The poem turned out to be six or eight lines long, describing the narrator's feelings as he sits and listens to the movements and noises of birds circling overhead. The poem was, as first drafts of student poems tend to be, somewhat uneven. There was one very specific image of the birds jabbing the air with their beaks. There were a number of vaguer, more generalized lines, and my suggestion to the student was that he cut some of those fuzzy lines out and try to generate some more concrete, specific images that would have the same impact as the strong line about the birds. I suggested he might want to take another piece of paper, write eight or ten sense-oriented lines quickly, and then select two or three of those lines to insert in his poem.

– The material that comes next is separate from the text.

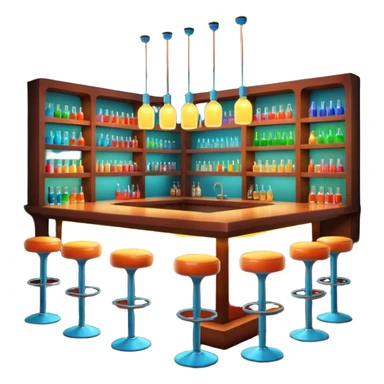 A 3D cartoon bar interior with a counter, glowing shelves of colorful bottles, tall stools, and hanging lights, warm ambient lighting, realistic reflections, Memoji-style. sticker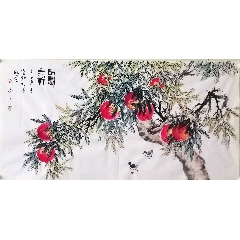 上原霞堂，设色花鸟《松鹤图》国画书法古玩字画装饰挂画。绢本绫裱_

The student looked at me in befuddlement. "Is it all right to do that?"
"To do what?"
"To change your poem after you've written it."
"Why would it not be okay to change your poem after you've written it?"
"Well, I've always thought that good poems were supposed to be spontaneous. You know, like, "First thought, best thought?"
I spent the next ten or fifteen minutes attempting to disabuse the student of the notion that good writing is something that happens automatically. Once in a blue moon, perhaps, a writer may sit down like Coleridge awakening from his opium-induced dream and dash off a work of transcendent literary merit, but for most good writers, and for most of the rest of us mere mortals, reality is much more mundane. So I put aside my existential questions (like How does one get to be a junior in high school in what is purported to be one of the better private schools in American and have no notion that poets are allowed to revise?) and trotted out what evidence I had at hand to give him an alternative way of thinking about revision.
I showed him Yeats's poem "After Long Silence,"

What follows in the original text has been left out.